Culture Wars/Current Controversies

How Social Justice Killed Anti-Racism

By Jerry Barnett Quillette

One of the early signs of trouble for the British anti-racism movement was a tweet sent by Lee Jasper in April 2013, in which he declared that black people are incapable of being racist, and offered to publicly debate anybody who disagreed. I offered to debate him, as did a number of others. I even suggested a venue: the University College London Union (UCLU), where I’d recently taken part in a debate on censorship. My offer was not taken up, and as far as I know the debate never took place.

Jasper, a British-born man of mixed African, Caribbean, and Irish origins, was one of the louder characters in the London anti-racism movement of the 1980s, which sought to oppose the racist far-Right. But he was always intensely ambitious, and skilled at using race issues as a means of self-promotion. In this respect, he was well ahead of the curve, importing Al Sharpton’s brand of American race-hustling into the UK long before it became more generally fashionable.

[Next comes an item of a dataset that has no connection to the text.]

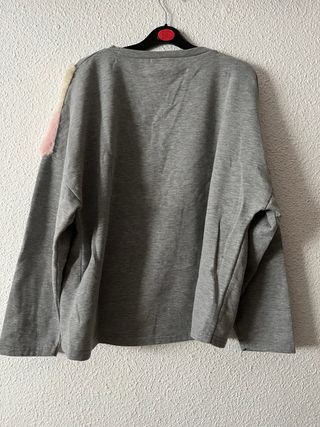 Sudadera gris con detalles peludos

By the 1990s, although the far-Right threat had clearly receded, the British Left (in the face of a working class stubbornly uninterested in class struggle) was switching its attention to the politics of identity. This was especially true in London and Jasper started to pop up on late-night TV chat shows. In my own social circles, which were mostly made up of people of West Indian origin, “black activists” were generally not taken too seriously. But in left-wing political circles, people like Jasper became flavour of the month. Here was a provocative spokesman of an oppressed underclass, and surely the Left—increasingly dominated by white and affluent people—needed people like him in order to stay relevant.